Grandes empresas petrolíferas planeiam aumentar a produção de petróleo e gás até 2030, numa trajetória que contraria os objetivos climáticos definidos no Acordo de Paris, segundo uma análise do TPI Global Climate Transition Centre, da London School of Economics and Political Science.
De acordo com a análise citada, a Shell, a ExxonMobil, a Chevron e outras sete empresas cotadas pretendem aumentar a produção, em média, 14% entre 2024 e 2030. O cenário surge num contexto de temperaturas extremas em várias regiões do hemisfério norte e de novos alertas científicos sobre a relação entre a utilização de combustíveis fósseis e o aquecimento global.
A expansão prevista é superior ao cenário de manutenção das políticas atuais da Agência Internacional de Energia (AIE), que antecipa um aumento de 5,9% da produção de petróleo e gás esta década. Segundo a informação disponibilizada, esse cenário estaria associado a uma subida da temperatura global de 2,9°C até ao final do século.
A AIE tem defendido que, para alinhar o setor energético com o objetivo do Acordo de Paris de manter o aquecimento global bem abaixo dos 2°C, não devem avançar novos projetos de exploração ou desenvolvimento de petróleo e gás de longo prazo.
A análise surge num momento em que a indústria petrolífera beneficia de preços elevados do petróleo, impulsionados por conflitos no Médio Oriente, incluindo no Irão. Segundo a informação divulgada, o aumento dos lucros deverá ser seguido por maior investimento em novos poços.
O texto refere que várias empresas que anteriormente tinham assumido compromissos associados à transição energética recuaram em metas ou reduziram o investimento em energias renováveis. A BP é apresentada como exemplo: a empresa tinha prometido reduzir em 40% a produção de petróleo e gás e aumentar em dez vezes o investimento em renováveis, mas reduziu posteriormente essa meta de corte para 25%.
Mais tarde, a empresa anunciou uma redefinição estratégica, com redução de três mil milhões de dólares nos investimentos em energia renovável e aumento da despesa anual em petróleo e gás para dez mil milhões de dólares. A atual estratégia é descrita como um regresso à prioridade dada ao negócio petrolífero e ao valor para os acionistas.
O recuo não se limita à BP. Segundo a informação fornecida, as seis maiores petrolíferas europeias aumentaram os lucros combinados em 43% no mesmo período, atingindo 22 mil milhões de dólares, o valor mais elevado desde 2022. Várias destas empresas terão recuado em compromissos de energia verde e aumentado os seus planos de produção.
A Equinor, petrolífera estatal norueguesa, elevou em 6% a meta de produção de petróleo e gás até 2030. A Petrobras, no Brasil, pretende aumentar em 21% o fornecimento de petróleo até ao final da década.
Nos Estados Unidos, o maior produtor mundial de petróleo e gás, algumas empresas não assumiram compromissos de baixo carbono. A ExxonMobil prevê aumentar a produção em 25% e a Chevron em 15% até 2030, segundo os dados referidos.
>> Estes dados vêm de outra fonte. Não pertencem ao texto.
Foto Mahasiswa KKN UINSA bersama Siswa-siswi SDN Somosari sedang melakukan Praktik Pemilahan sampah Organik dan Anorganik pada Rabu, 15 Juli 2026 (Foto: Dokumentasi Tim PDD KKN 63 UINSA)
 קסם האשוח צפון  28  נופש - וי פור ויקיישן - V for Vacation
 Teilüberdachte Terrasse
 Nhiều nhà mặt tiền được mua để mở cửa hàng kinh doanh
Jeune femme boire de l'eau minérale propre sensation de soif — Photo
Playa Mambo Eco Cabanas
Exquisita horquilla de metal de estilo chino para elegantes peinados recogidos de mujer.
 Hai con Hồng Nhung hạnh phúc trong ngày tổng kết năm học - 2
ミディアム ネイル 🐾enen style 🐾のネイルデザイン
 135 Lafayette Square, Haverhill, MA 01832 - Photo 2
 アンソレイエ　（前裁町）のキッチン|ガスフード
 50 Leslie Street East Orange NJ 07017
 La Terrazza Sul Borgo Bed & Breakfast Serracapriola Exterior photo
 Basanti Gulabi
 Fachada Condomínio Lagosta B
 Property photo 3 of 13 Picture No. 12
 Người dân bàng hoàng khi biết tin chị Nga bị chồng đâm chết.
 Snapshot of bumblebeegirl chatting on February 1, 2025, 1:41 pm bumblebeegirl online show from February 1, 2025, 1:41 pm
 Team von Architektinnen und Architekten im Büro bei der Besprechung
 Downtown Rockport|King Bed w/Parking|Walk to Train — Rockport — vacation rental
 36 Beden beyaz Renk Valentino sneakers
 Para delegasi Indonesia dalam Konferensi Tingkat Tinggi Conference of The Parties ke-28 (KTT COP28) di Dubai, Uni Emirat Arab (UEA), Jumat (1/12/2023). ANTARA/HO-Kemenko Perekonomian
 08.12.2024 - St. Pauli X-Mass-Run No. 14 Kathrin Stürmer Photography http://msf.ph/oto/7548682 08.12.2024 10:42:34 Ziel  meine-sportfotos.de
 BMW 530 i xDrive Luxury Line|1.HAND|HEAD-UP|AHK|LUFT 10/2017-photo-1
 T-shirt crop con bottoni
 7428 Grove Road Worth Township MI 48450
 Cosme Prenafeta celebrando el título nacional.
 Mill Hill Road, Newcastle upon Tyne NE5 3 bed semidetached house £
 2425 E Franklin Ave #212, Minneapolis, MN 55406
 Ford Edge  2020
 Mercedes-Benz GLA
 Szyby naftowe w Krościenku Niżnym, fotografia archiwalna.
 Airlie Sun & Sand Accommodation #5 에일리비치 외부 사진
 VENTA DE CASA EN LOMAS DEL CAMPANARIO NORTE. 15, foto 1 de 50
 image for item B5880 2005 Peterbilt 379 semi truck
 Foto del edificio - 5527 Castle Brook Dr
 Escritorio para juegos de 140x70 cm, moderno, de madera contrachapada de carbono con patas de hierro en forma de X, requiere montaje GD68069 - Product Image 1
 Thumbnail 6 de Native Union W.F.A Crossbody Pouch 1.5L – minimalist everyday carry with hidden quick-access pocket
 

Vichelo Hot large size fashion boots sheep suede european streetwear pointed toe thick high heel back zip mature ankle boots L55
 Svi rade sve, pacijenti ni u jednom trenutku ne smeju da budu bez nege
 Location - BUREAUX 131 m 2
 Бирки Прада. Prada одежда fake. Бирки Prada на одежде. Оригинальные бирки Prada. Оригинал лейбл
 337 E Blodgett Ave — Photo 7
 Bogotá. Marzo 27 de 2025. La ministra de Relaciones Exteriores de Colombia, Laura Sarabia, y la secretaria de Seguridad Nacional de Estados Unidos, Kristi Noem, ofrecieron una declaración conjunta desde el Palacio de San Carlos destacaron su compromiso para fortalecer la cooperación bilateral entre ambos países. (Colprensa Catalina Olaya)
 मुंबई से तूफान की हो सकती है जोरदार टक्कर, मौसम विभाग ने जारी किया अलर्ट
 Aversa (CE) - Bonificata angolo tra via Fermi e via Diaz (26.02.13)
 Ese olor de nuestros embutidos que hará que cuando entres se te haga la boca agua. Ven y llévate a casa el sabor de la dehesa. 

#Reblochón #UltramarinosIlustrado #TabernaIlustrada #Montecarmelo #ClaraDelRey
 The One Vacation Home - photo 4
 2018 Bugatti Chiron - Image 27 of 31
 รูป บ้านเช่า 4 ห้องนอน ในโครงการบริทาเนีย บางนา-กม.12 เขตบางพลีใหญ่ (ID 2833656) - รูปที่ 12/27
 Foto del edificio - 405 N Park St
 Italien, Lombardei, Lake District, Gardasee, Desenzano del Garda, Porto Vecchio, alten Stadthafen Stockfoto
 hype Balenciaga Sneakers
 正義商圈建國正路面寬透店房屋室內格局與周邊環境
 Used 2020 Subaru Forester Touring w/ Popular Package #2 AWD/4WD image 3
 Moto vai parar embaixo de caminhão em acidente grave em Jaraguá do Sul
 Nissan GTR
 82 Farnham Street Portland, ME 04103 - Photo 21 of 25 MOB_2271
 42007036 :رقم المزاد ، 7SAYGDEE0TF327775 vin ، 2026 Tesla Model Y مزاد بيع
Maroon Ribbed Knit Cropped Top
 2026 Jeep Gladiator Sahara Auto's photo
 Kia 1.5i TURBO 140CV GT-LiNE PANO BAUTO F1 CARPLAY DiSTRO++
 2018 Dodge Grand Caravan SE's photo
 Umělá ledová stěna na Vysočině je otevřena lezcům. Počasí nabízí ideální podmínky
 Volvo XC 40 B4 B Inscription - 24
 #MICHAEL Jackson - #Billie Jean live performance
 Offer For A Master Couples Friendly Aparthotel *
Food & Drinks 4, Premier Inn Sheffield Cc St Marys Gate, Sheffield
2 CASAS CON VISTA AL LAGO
O texto enquadra estes planos num contexto político e financeiro em que a maximização do retorno para os acionistas continua a condicionar a estratégia das empresas petrolíferas. A informação citada aponta ainda para o papel de investidores, grupos mediáticos e atores políticos no recuo de políticas de neutralidade carbónica.
A evolução ocorre num período de agravamento dos riscos climáticos. Um estudo de atribuição recente concluiu que a onda de calor severa e generalizada que afetou uma vasta região da Europa não teria ocorrido sem alterações climáticas causadas pela atividade humana.
O texto refere ainda a confirmação de um novo El Niño, que deverá estar entre os mais severos em décadas, aumentando riscos de incêndios, seca, degelo e pressão sobre ecossistemas vulneráveis, incluindo a Amazónia e as regiões polares.
A conclusão da análise é que a expansão da produção fóssil mantém a economia global numa trajetória incompatível com os objetivos climáticos internacionais. O texto defende que os incentivos económicos devem ser alterados e que as empresas petrolíferas devem suportar os custos associados ao recuo nos compromissos climáticos e aos impactos da produção fóssil.